Comrades Marathon Finish Predictions

Predicting Comrades Marathon finishing times is challenging and people have tried a few different approaches. Lindsey Parry, for example, suggests that you use two and a half times your recent marathon time. Sports Digest provides a calculator which predicts finishing time using recent times over three distances. I understand that this calculator is based on the work of Norrie Williamson.

Let’s give them a test. I finished the 2013 Comrades Marathon in 09:41. Based on my marathon time from February that year, which was 03:38, Parry’s formula suggests that I should have finished at around 09:07. Throwing in my Two Oceans time for that year, 04:59, and a 21.1 km time of 01:58 a few weeks before Comrades, the Sports Digest calculator gives a projected finish time of 08:59. Clearly, relative to both of those predictions, I under-performed that year!
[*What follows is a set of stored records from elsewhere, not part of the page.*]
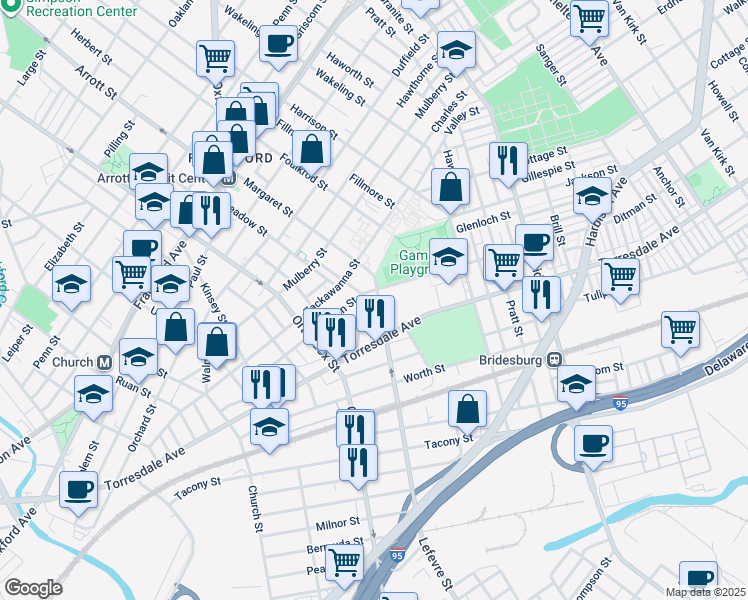 map of restaurants, bars, coffee shops, grocery stores, and more near 2012 Margaret Street in Philadelphia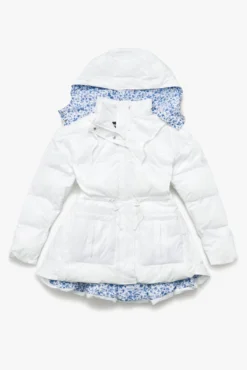 Pearl Peplum Puffer Jacket - White -Popflex Store BF PF Pearl Puffer Coat White Front Edit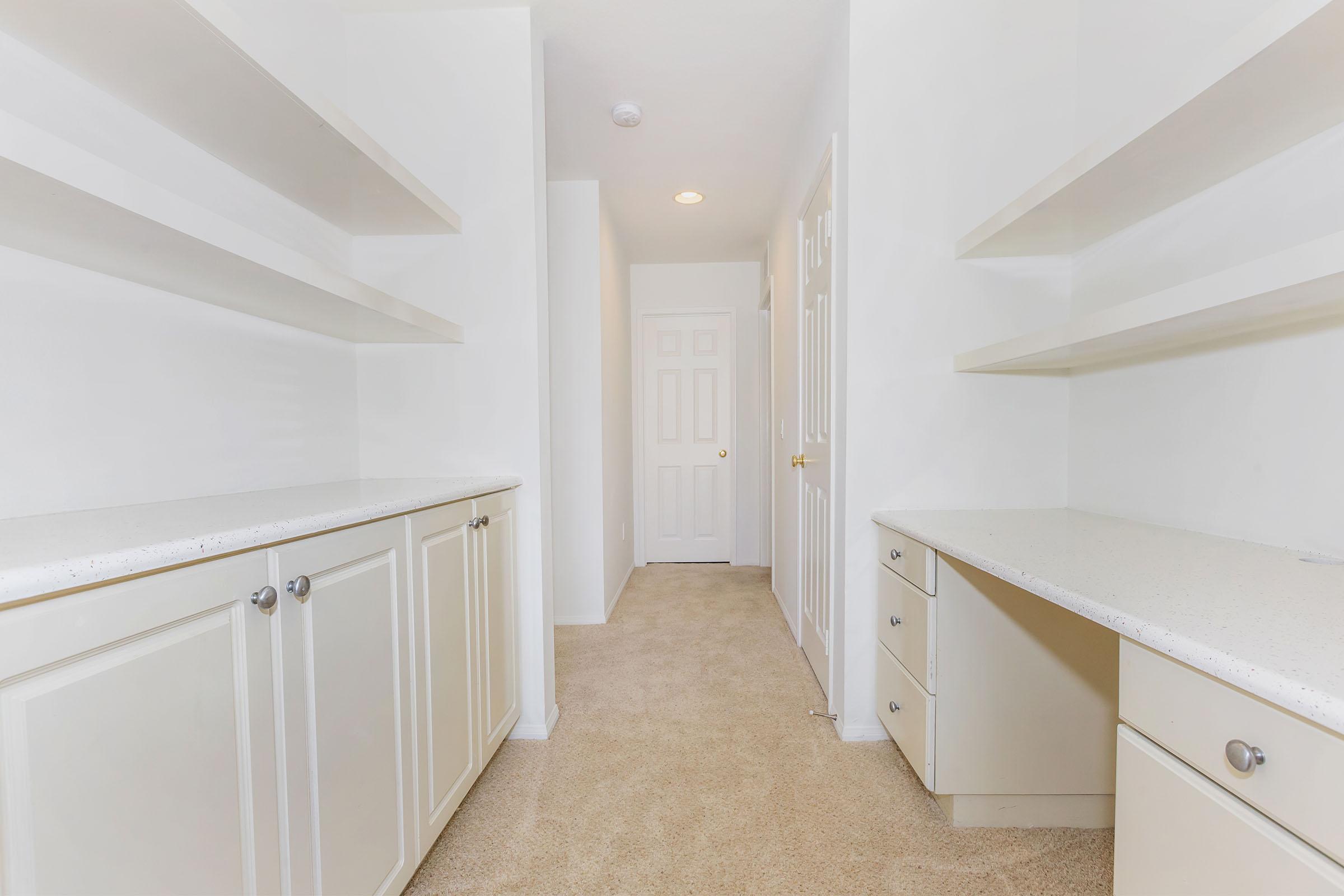 A spacious, well-lit empty room featuring beige carpet and white walls. There are built-in shelves on both sides and cabinetry with light-colored countertops, creating a clean and organized look. A door is visible at the end of the hallway.
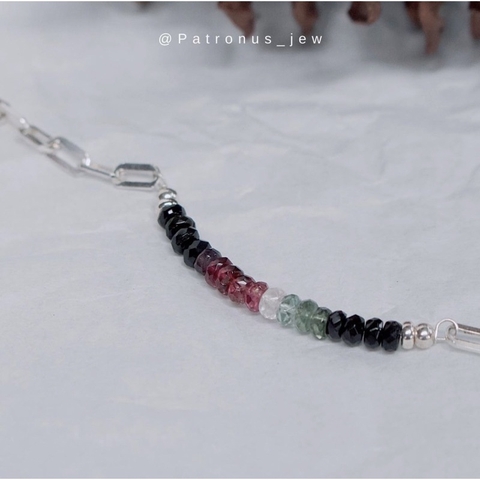 Vòng Tay Tourmaline Ombre Mix Dây Bạc De Luna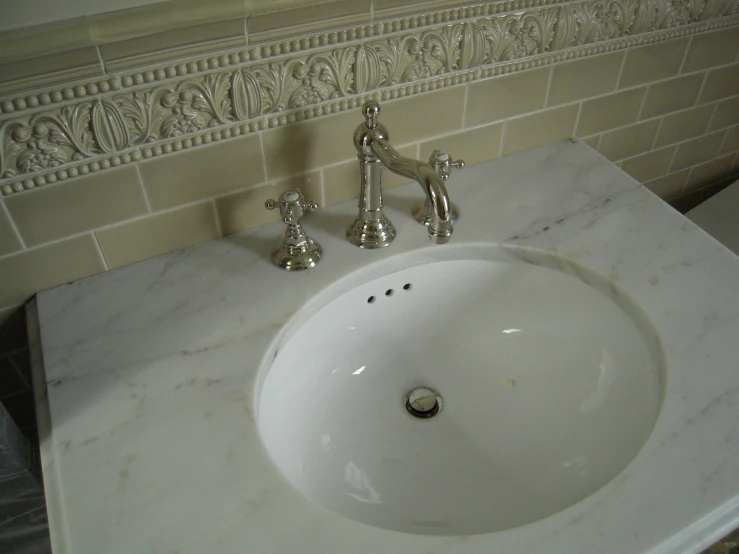 the sink has been installed in the bathroom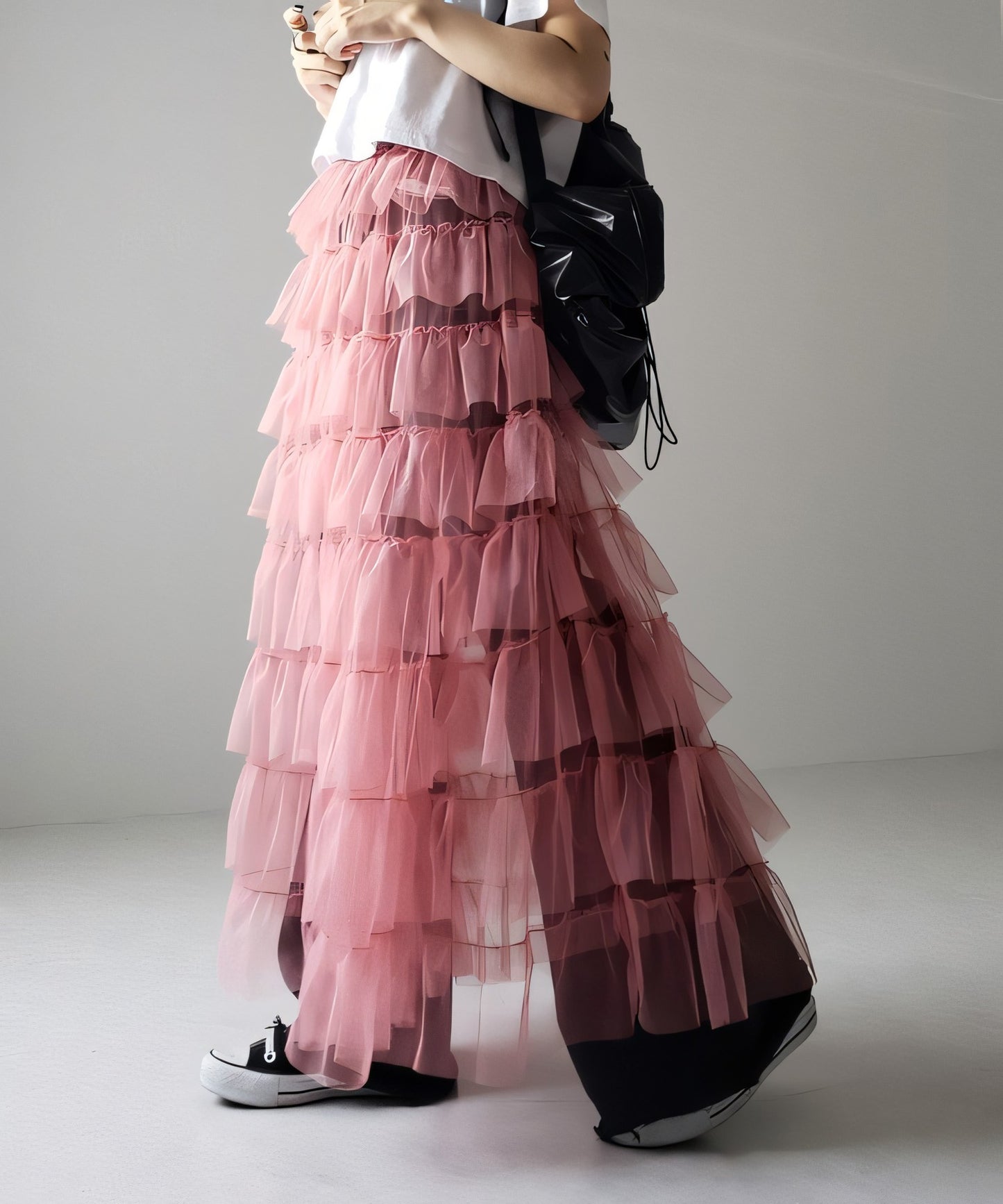 Women's Layered Elastic Waist Puff Tulle A-line Skirt, Sheer Mesh Design for All Occasions
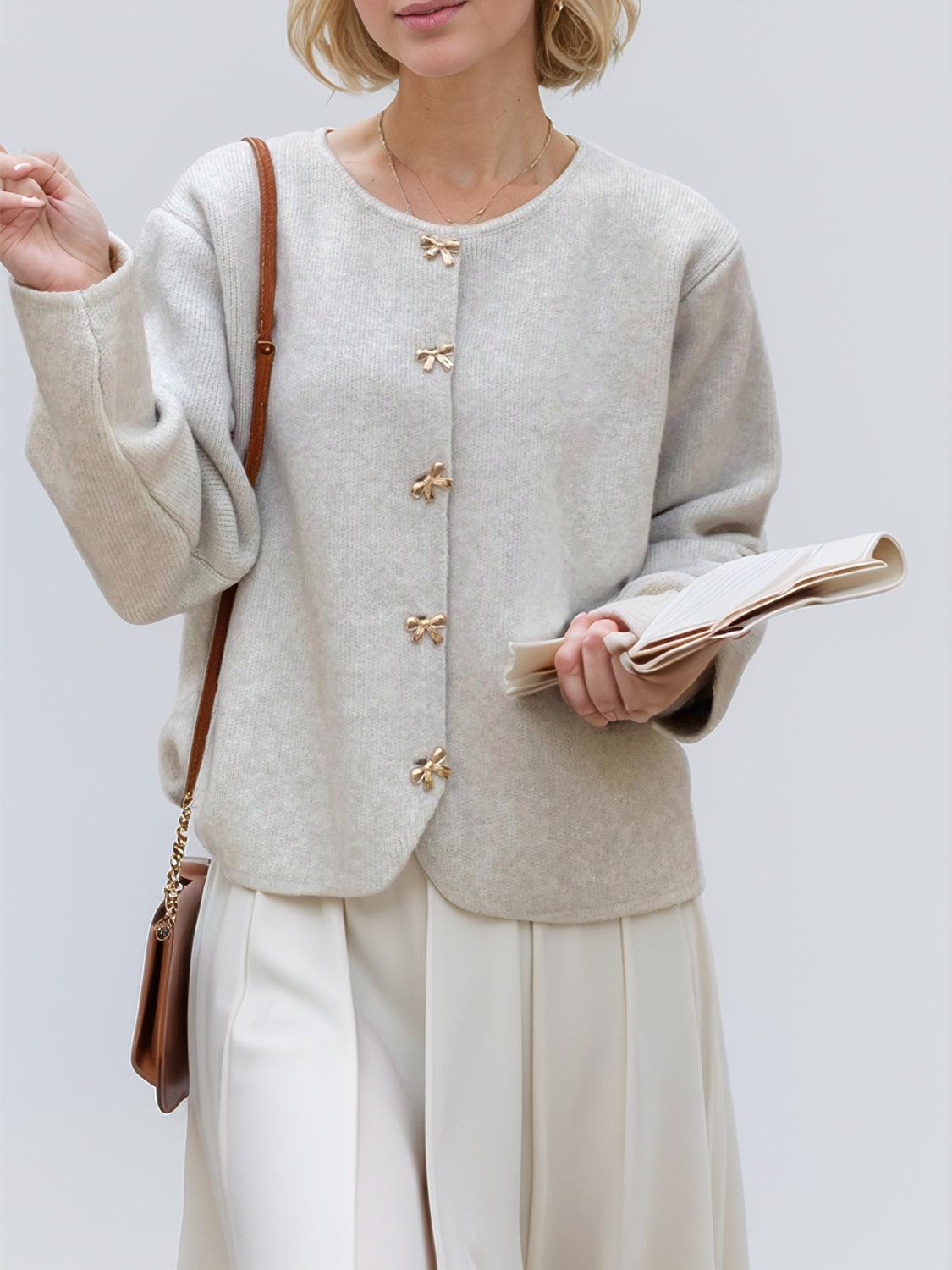 Bow Button Down Round Neck Long Sleeve Cardigan Light Gray One Size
Either that or the predictions were way off the mark.

It seems to me that, given the volume of data we gather on our runs, we should be able to generate better predictions. If the thought of maths or data makes you want to doze off, feel free to jump ahead, otherwise read on.

Riegel’s Formula

In 1977 Peter Riegel published a formula for predicting running times, which became popular due to its simplicity. The formula itself looks like this:

$$ \Delta t_2 = \Delta t_1 \left( \frac{d_2}{d_1} \right)^{1.06} $$

which allows you to predict $\Delta t_2$ the time it will take you to run distance $d_2$, given that you know it takes you time $\Delta t_1$ to run distance $d_1$. Riegel called this his “endurance equation”.

Reverse-Engineering Riegel’s Model

Riegel’s formula is an empirical model: it’s based on data. In order to reverse engineer the model we are going to need some data too. Unfortunately I do not have access to data for a cohort of elite runners. However, I do have ample data for one particular runner: me. Since I come from the diametrically opposite end of the running spectrum (I believe the technical term would be “bog standard runner”), I think these data are probably more relevant to most runners anyway.

I compiled my data for the last three years based on the records kept by my trusty Garmin 910XT. A plot of time versus distance is given below.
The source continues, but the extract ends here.